### Problem description
Set down exactly, from the records below, the line with "Castle foggy sky" through the line with "Patient receiving bad", and nothing else.

### Data for analysis
#####

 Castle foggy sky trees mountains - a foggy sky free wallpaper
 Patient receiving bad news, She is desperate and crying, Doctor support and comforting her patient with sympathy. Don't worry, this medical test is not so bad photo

#####

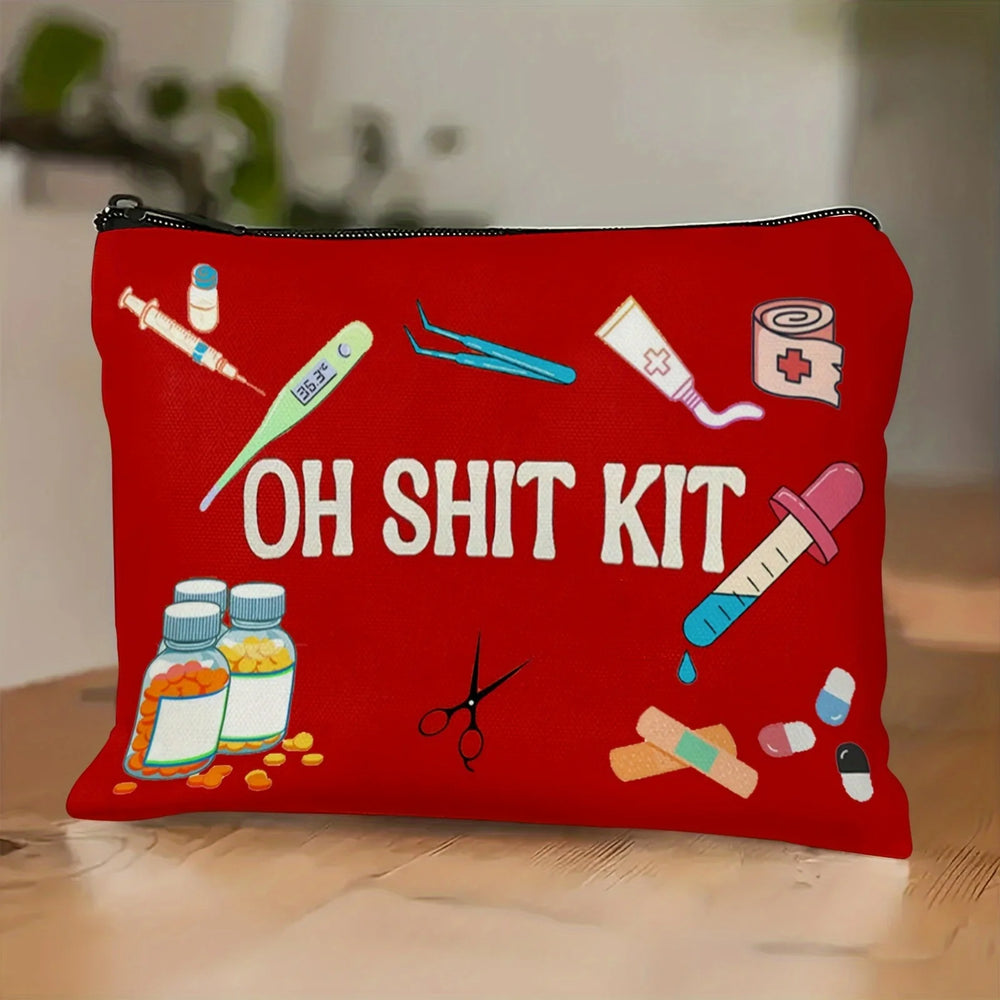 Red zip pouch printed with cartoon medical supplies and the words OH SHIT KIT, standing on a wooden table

#####

### Finished task
 Castle foggy sky trees mountains - a foggy sky free wallpaper
 Patient receiving bad news, She is desperate and crying, Doctor support and comforting her patient with sympathy. Don't worry, this medical test is not so bad photo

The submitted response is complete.